» **GIVEN INFORMATION**
━━━━━━━━━━━━━━━━

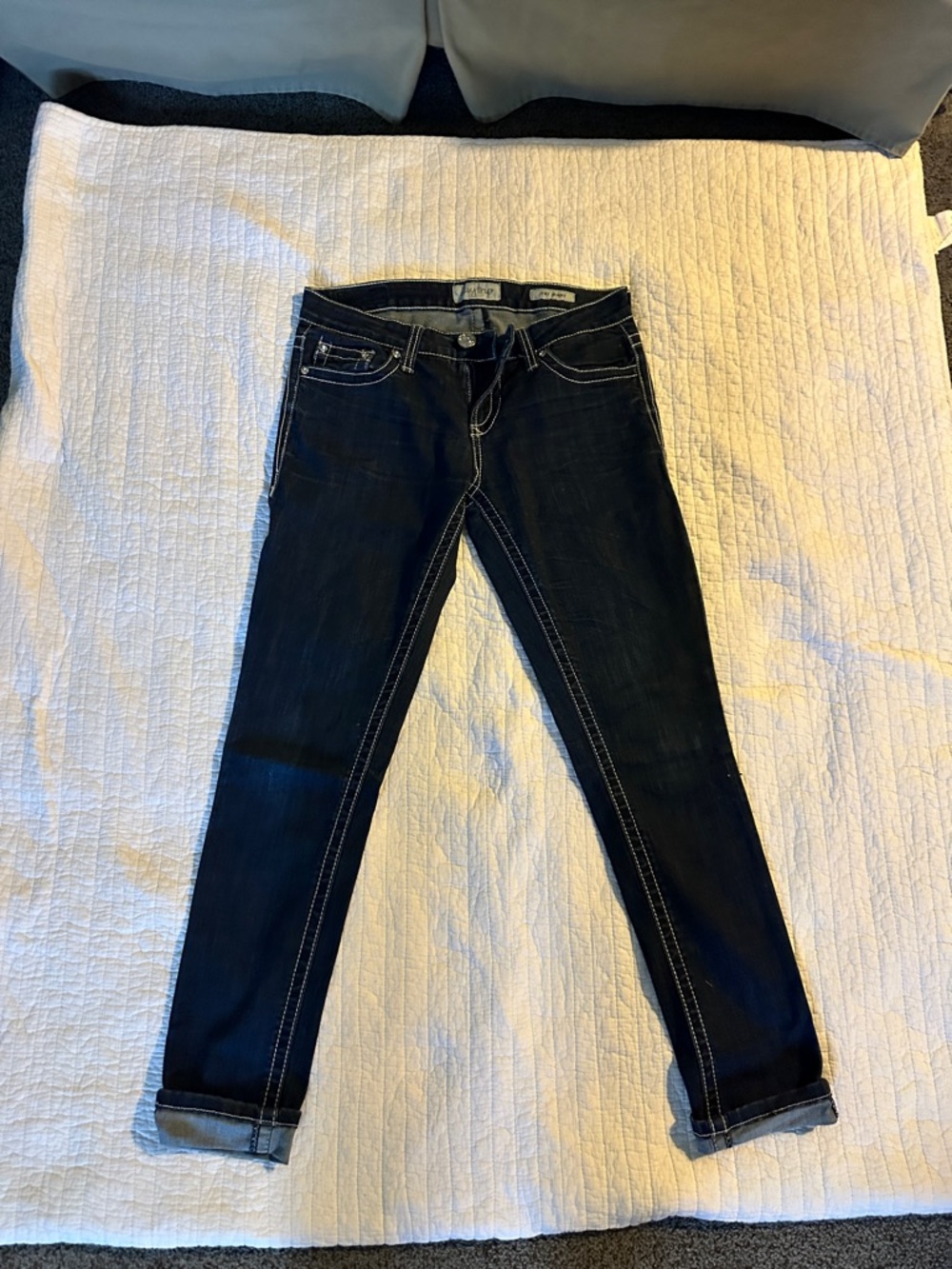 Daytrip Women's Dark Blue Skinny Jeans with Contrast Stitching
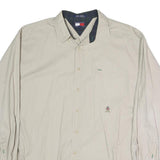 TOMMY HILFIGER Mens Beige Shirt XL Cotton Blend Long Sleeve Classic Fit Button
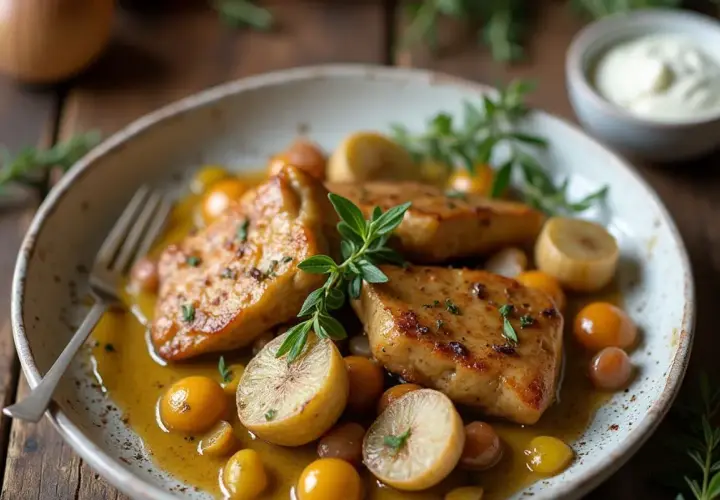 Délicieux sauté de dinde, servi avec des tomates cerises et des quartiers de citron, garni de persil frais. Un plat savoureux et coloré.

━━━━━━━━━━━━━━━━

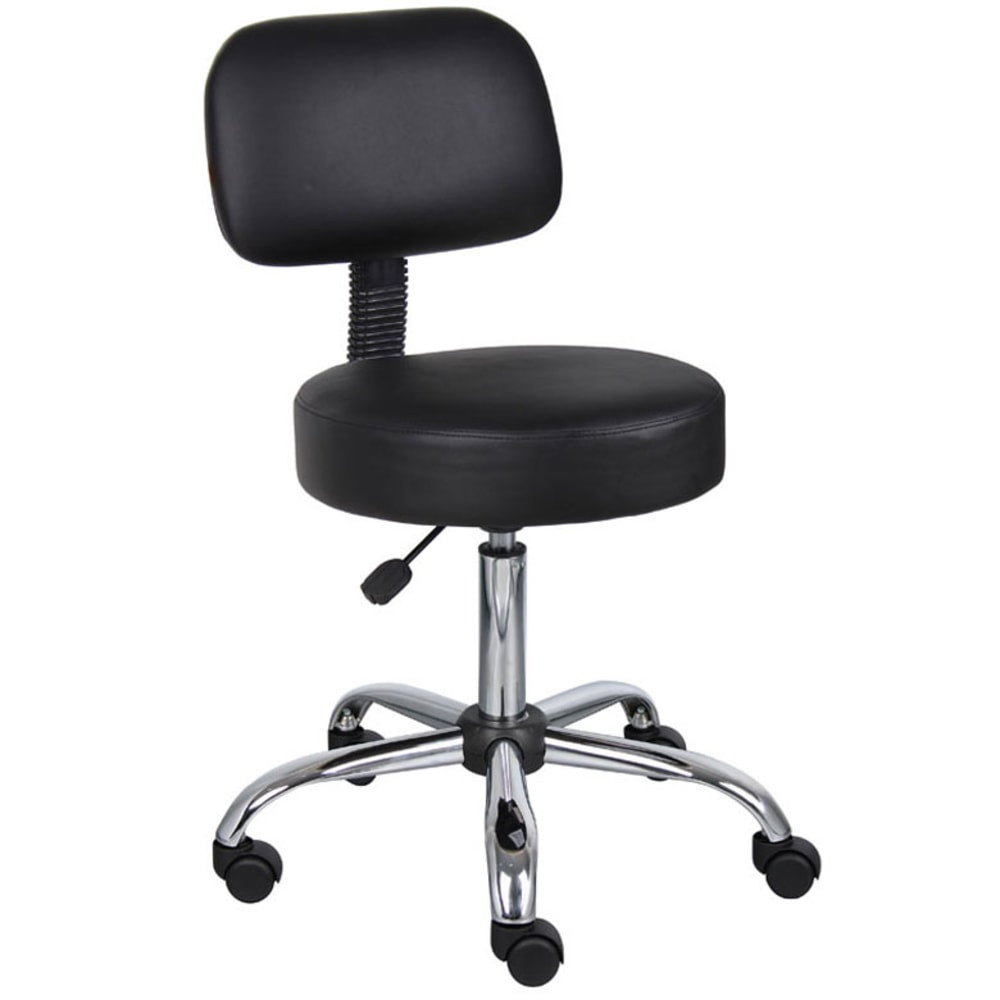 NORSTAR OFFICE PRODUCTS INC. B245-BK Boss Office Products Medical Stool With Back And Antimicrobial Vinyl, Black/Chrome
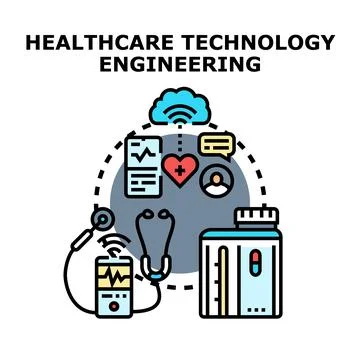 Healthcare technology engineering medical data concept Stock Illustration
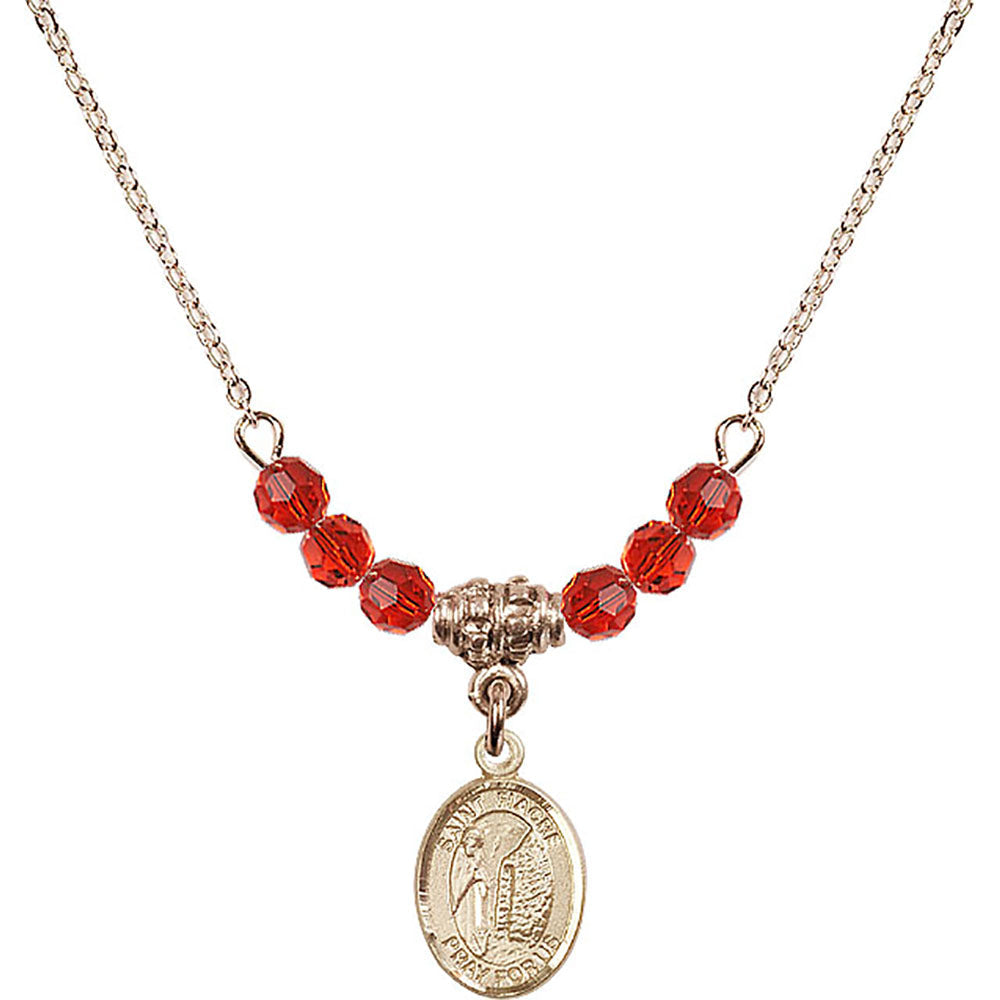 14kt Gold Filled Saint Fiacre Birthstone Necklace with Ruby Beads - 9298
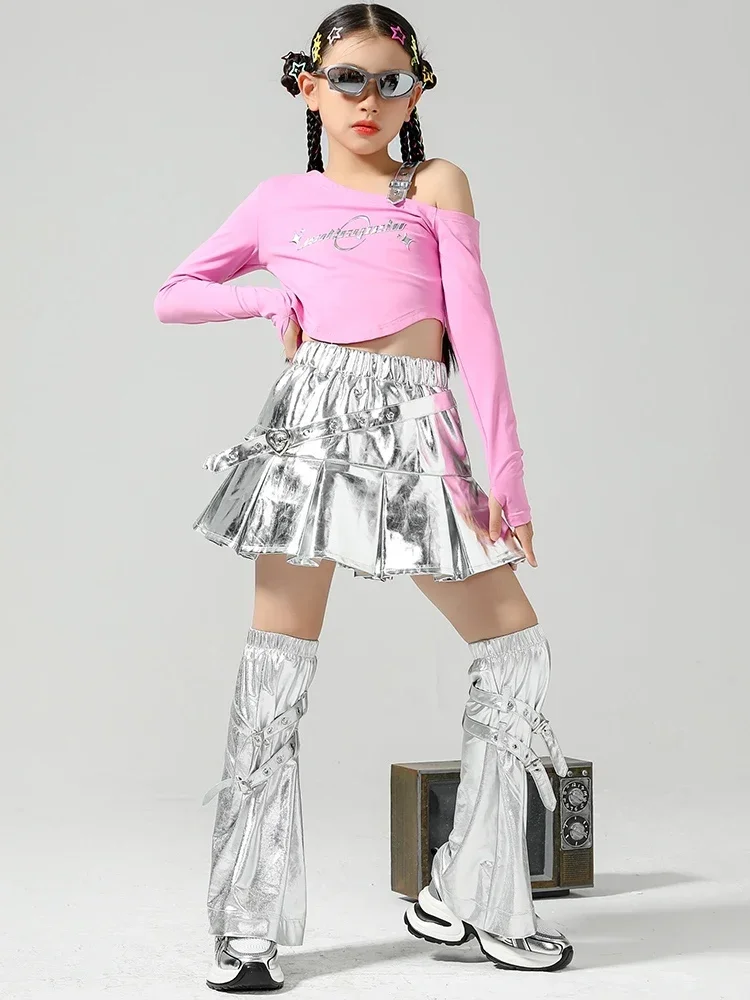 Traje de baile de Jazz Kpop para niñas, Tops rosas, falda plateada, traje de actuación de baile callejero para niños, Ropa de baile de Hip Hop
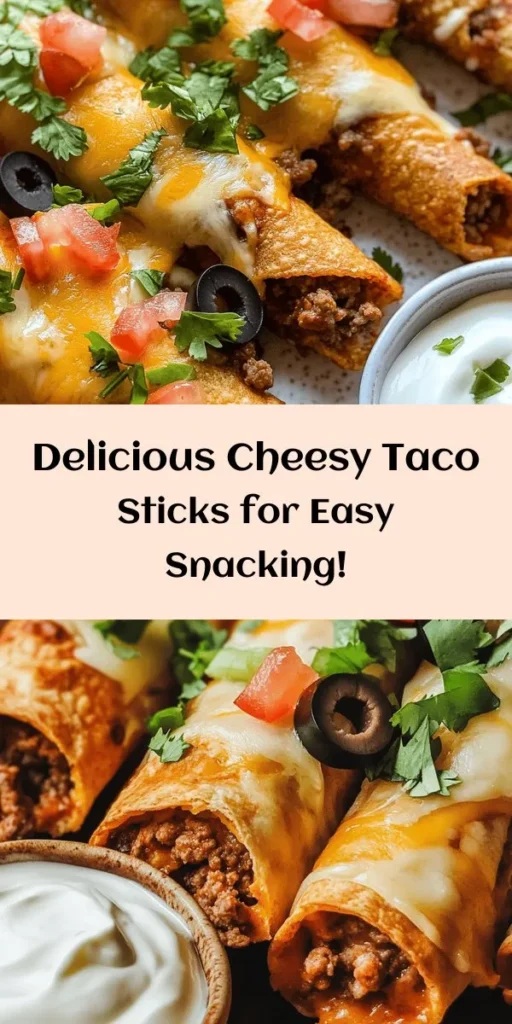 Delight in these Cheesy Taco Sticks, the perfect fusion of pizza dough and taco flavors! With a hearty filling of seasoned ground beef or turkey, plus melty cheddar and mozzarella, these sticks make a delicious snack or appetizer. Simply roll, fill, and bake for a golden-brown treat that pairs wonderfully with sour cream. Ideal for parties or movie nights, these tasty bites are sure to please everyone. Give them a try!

━━━━━━━━━━━━━━━━

Quote word for word only the lines above from the one containing "NORSTAR OFFICE PRODUCTS" through the one containing "Delight in these". Pictures stay out of your copy.

 NORSTAR OFFICE PRODUCTS INC. B245-BK Boss Office Products Medical Stool With Back And Antimicrobial Vinyl, Black/Chrome
 Healthcare technology engineering medical data concept Stock Illustration
 14kt Gold Filled Saint Fiacre Birthstone Necklace with Ruby Beads - 9298
 Traje de baile de Jazz Kpop para niñas, Tops rosas, falda plateada, traje de actuación de baile callejero para niños, Ropa de baile de Hip Hop
 Delight in these Cheesy Taco Sticks, the perfect fusion of pizza dough and taco flavors! With a hearty filling of seasoned ground beef or turkey, plus melty cheddar and mozzarella, these sticks make a delicious snack or appetizer. Simply roll, fill, and bake for a golden-brown treat that pairs wonderfully with sour cream. Ideal for parties or movie nights, these tasty bites are sure to please everyone. Give them a try!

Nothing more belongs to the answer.